(Items from a data source)
--

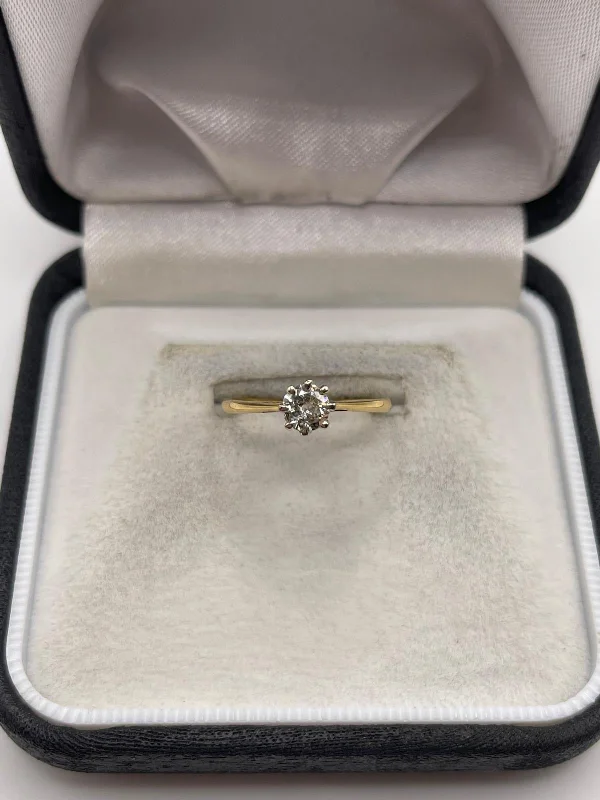 18ct gold diamond ring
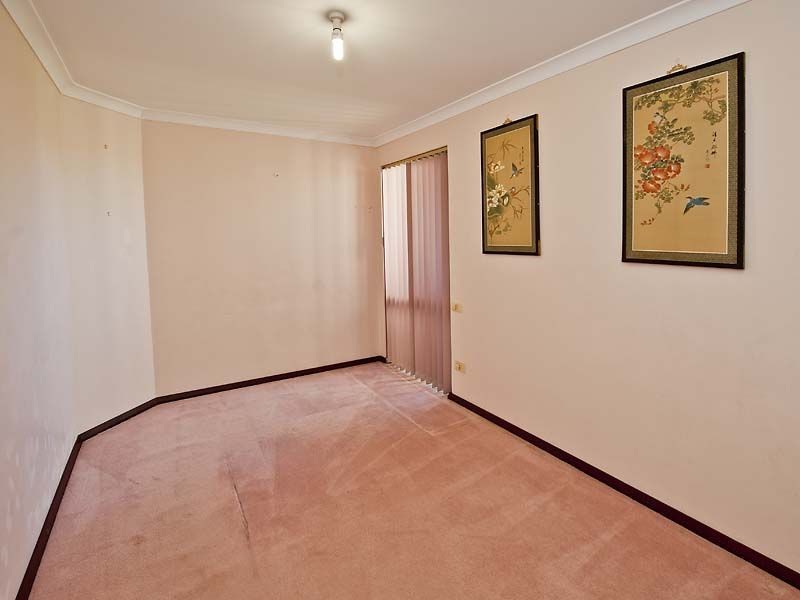 5 Reed Close, Thornlie WA 6108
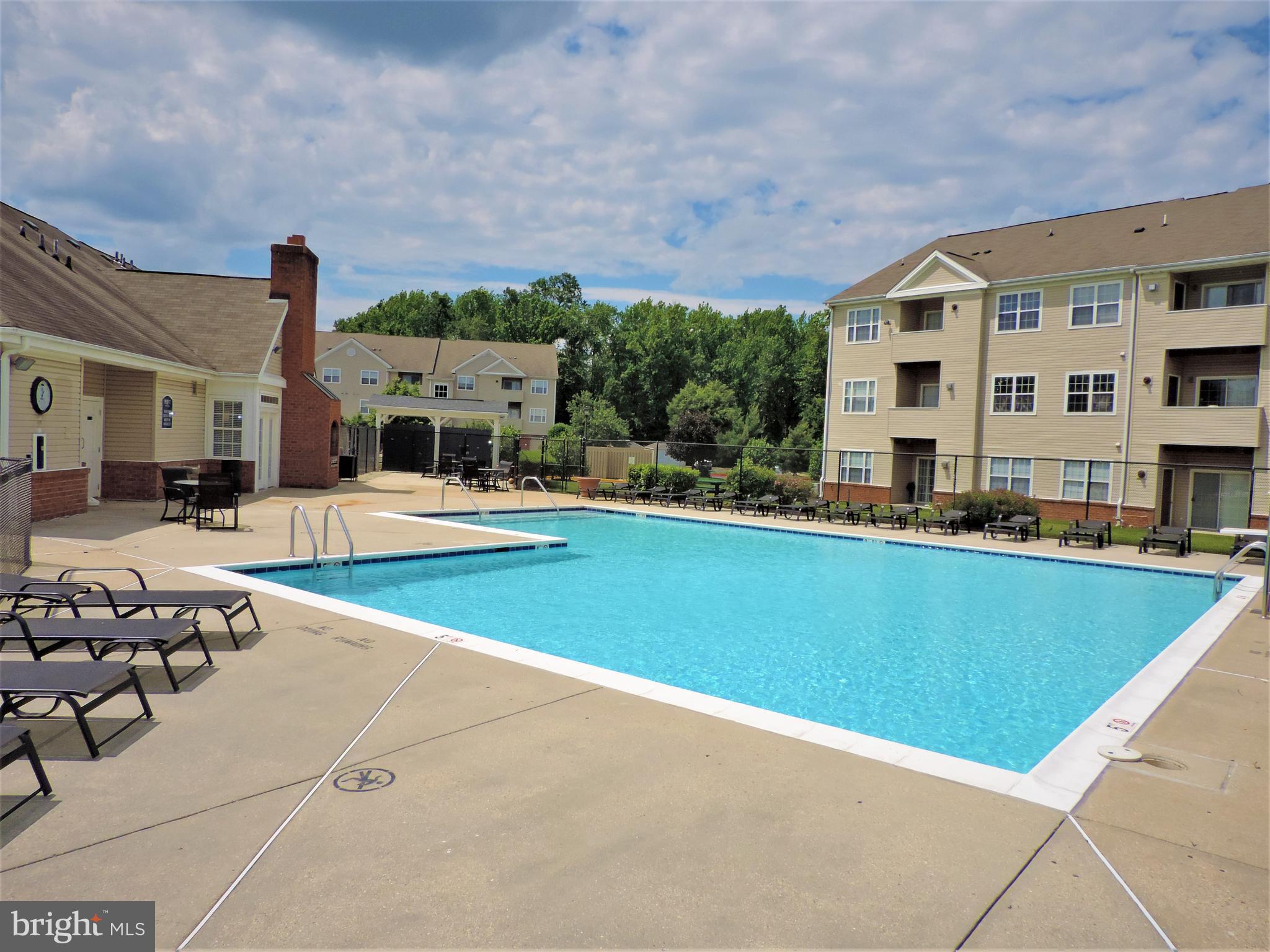 SAYBROOKE LANDING AT SEVEN OAKS CONDOMINIUM - Residential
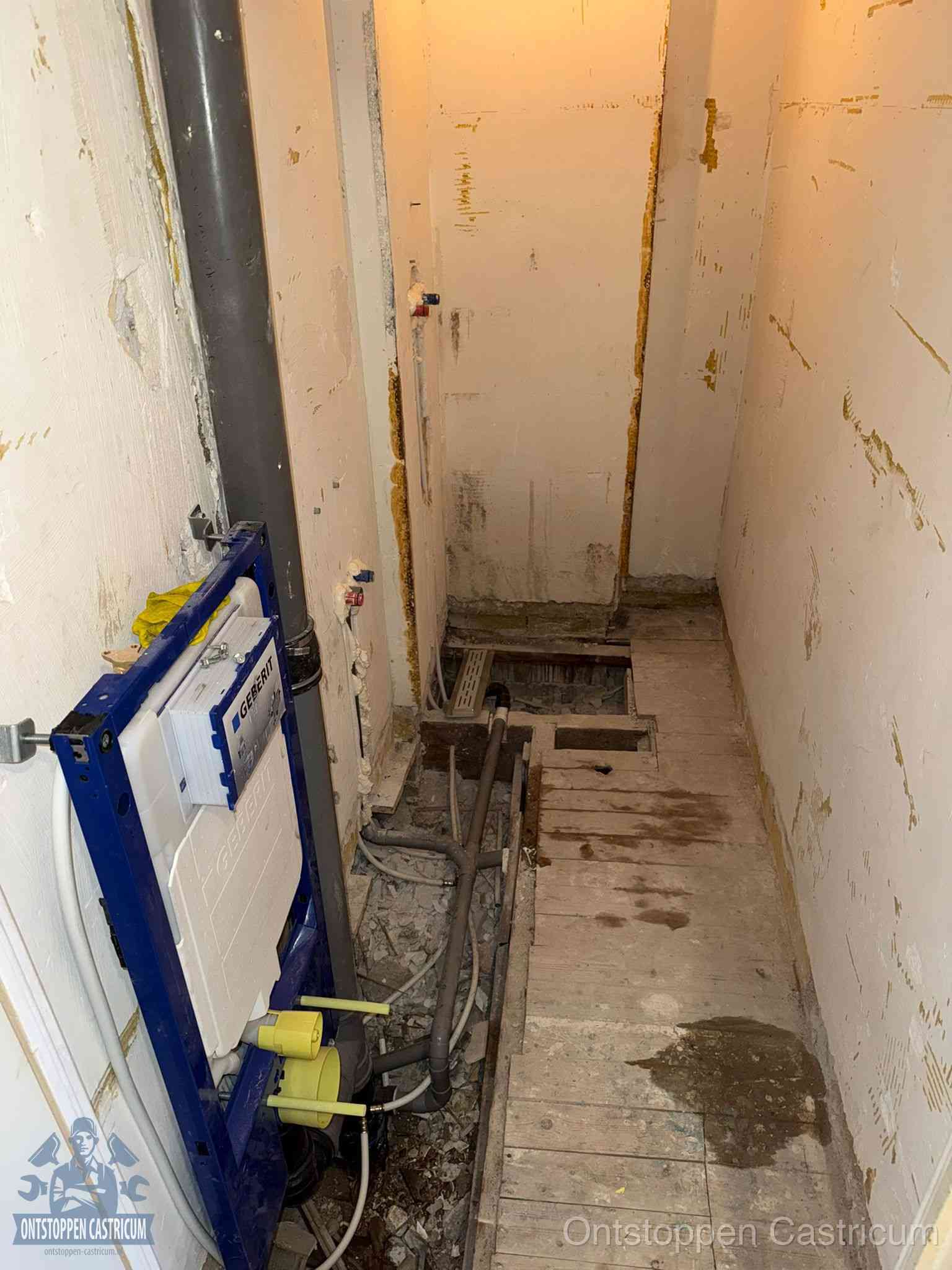 Een opgebroken toiletruimte tijdens renovatie met een Geberit inbouwreservoir en blootliggende oude afvoerleidingen, typisch voor oudere woningen in Castricum
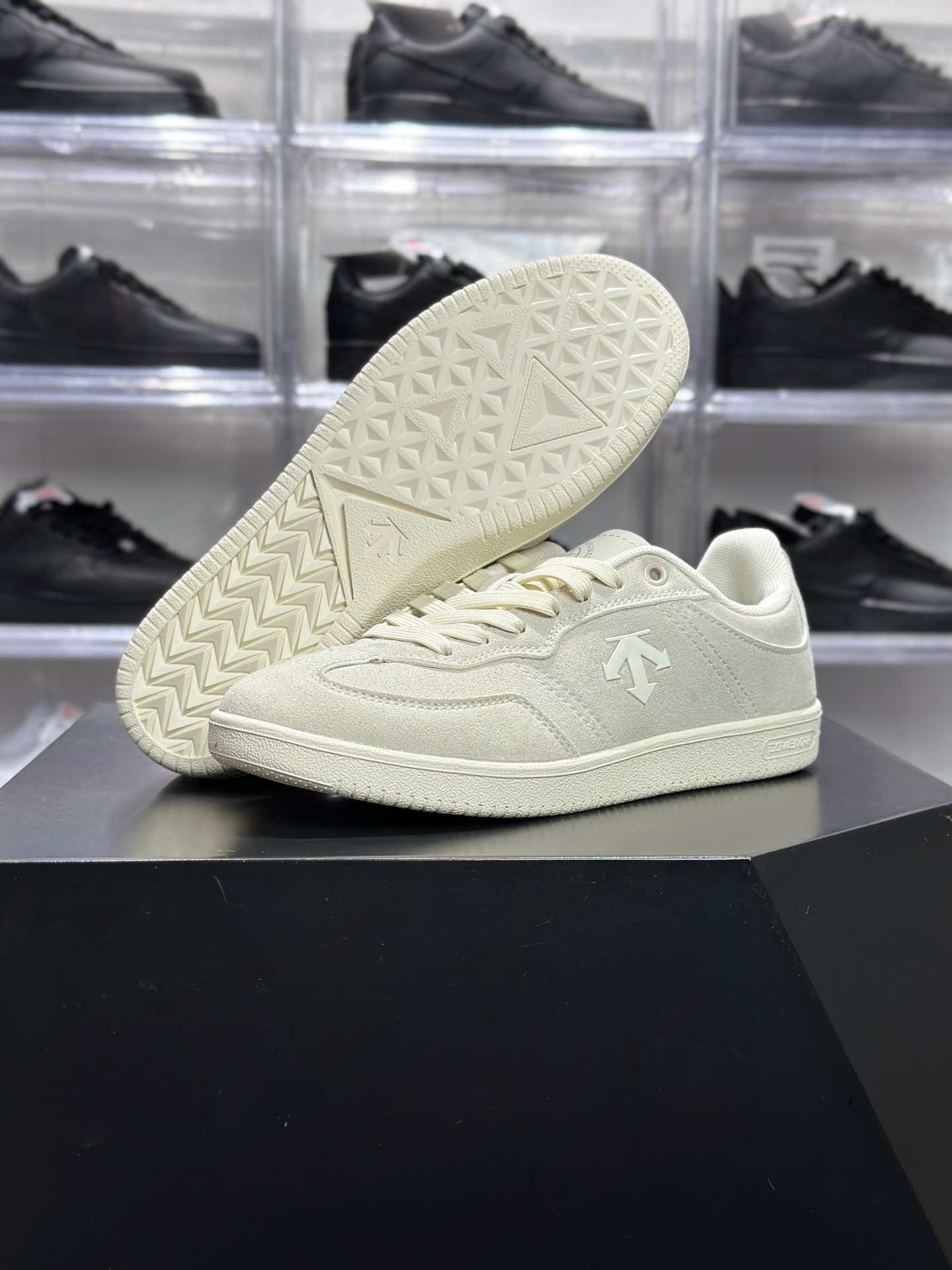 180 Undercover Edge Court 迪桑特 全米白箭头休闲板鞋 MN2358 全米白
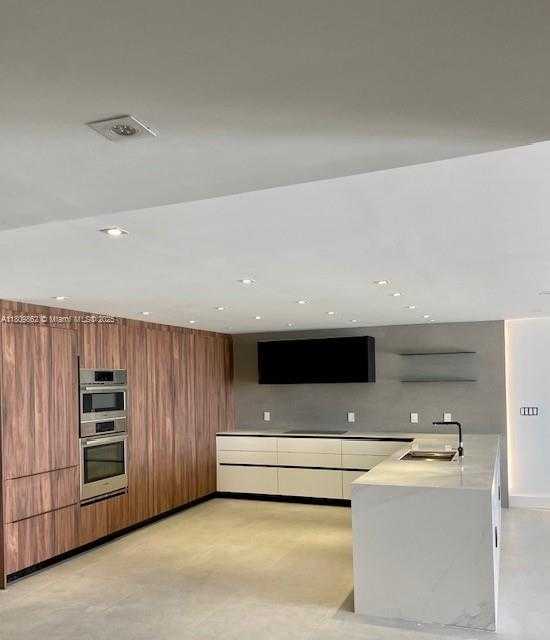 Small Image of 2 GROVE ISLE DR #B906, Miami Number 3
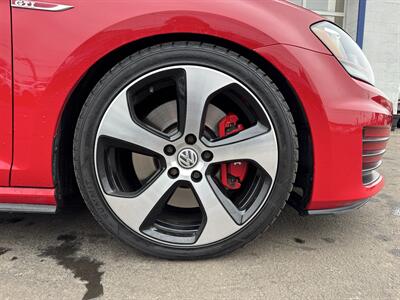 2017 Volkswagen Golf GTI Sport   - Photo 11 - West Chester, PA 19382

--

Print again, exactly, the lines of the records above from the first line through the line with "180 Undercover Edge". No pictures.

§ Reply to the exercise:
 18ct gold diamond ring
 5 Reed Close, Thornlie WA 6108
 SAYBROOKE LANDING AT SEVEN OAKS CONDOMINIUM - Residential
 Een opgebroken toiletruimte tijdens renovatie met een Geberit inbouwreservoir en blootliggende oude afvoerleidingen, typisch voor oudere woningen in Castricum
 180 Undercover Edge Court 迪桑特 全米白箭头休闲板鞋 MN2358 全米白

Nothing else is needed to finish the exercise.